Task item: Without including the pictures, copy out every line below.

Source data:
----

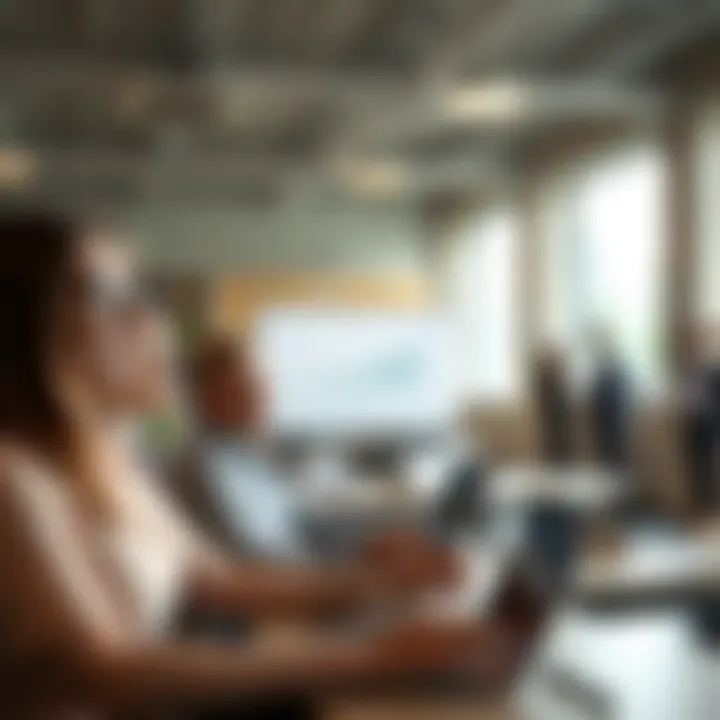 Features of Accredited CFP Programs Accredited CFP programs highlighting their features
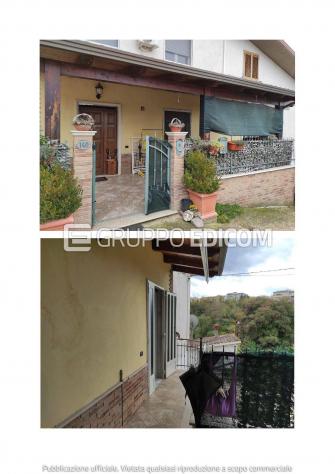 appartamento in vendita a Benevento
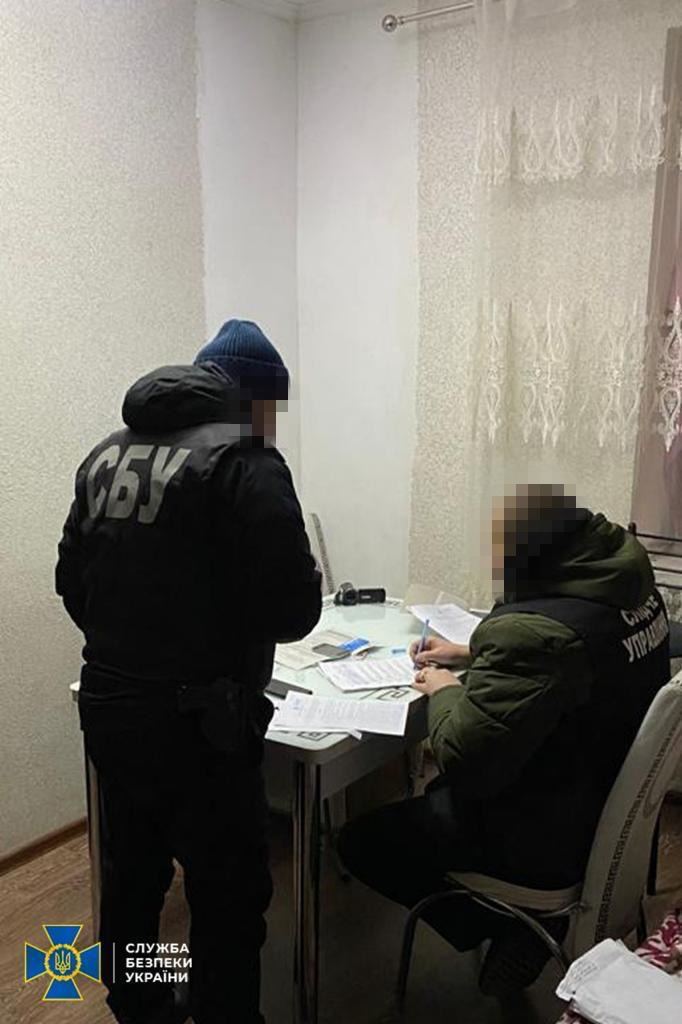СБУ ликвидировала четыре канала побега уклонистов за границу 05
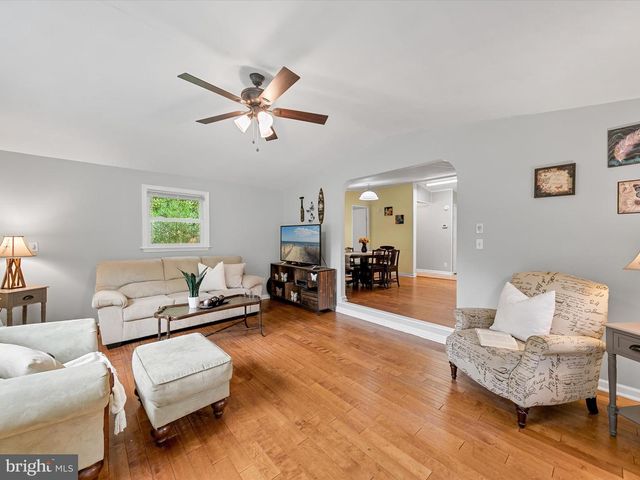 28670 WOODCREST DR, Harbeson, DE 19951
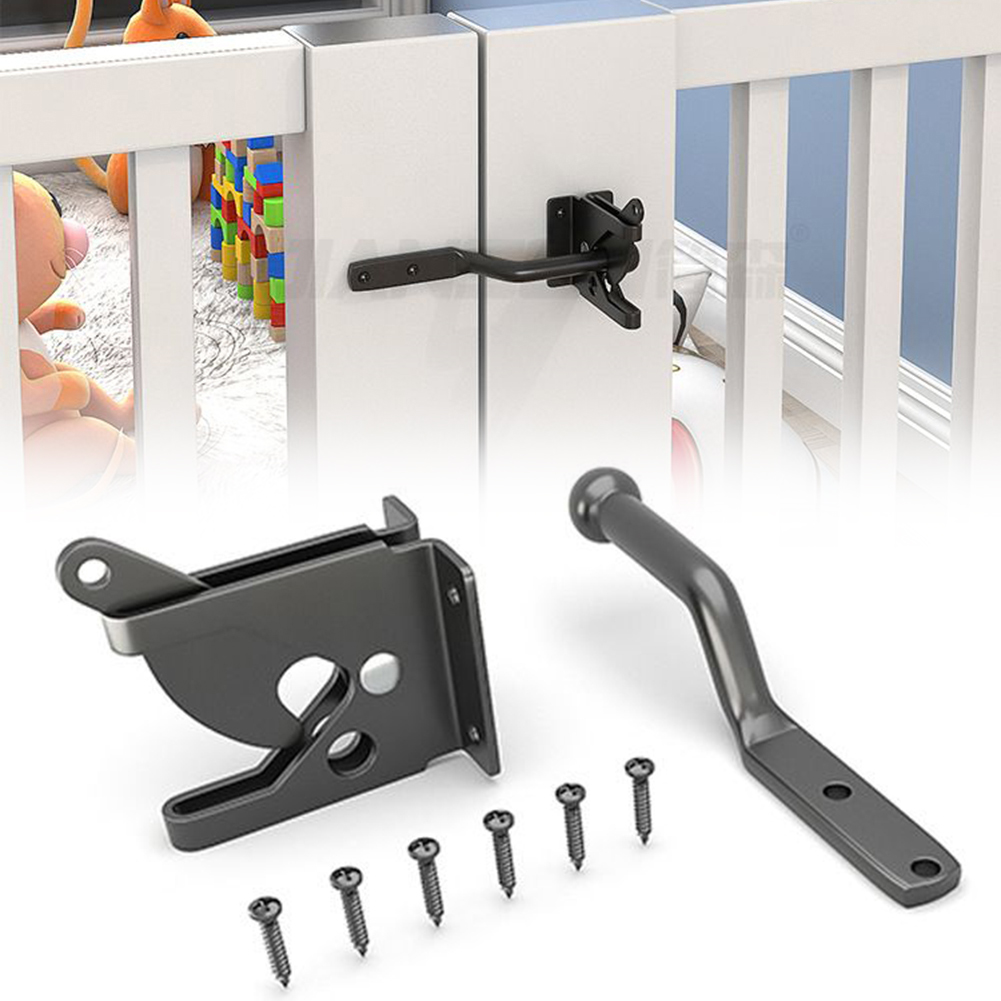 Automatischer Torriegel mit Bo – Smart Garden Gate Bewertung und Preis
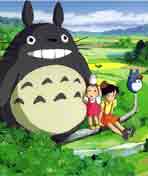 寻找梦幻岛映像宫崎骏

----

Response below:
 Features of Accredited CFP Programs Accredited CFP programs highlighting their features
 appartamento in vendita a Benevento
СБУ ликвидировала четыре канала побега уклонистов за границу 05
 28670 WOODCREST DR, Harbeson, DE 19951
 Automatischer Torriegel mit Bo – Smart Garden Gate Bewertung und Preis
 寻找梦幻岛映像宫崎骏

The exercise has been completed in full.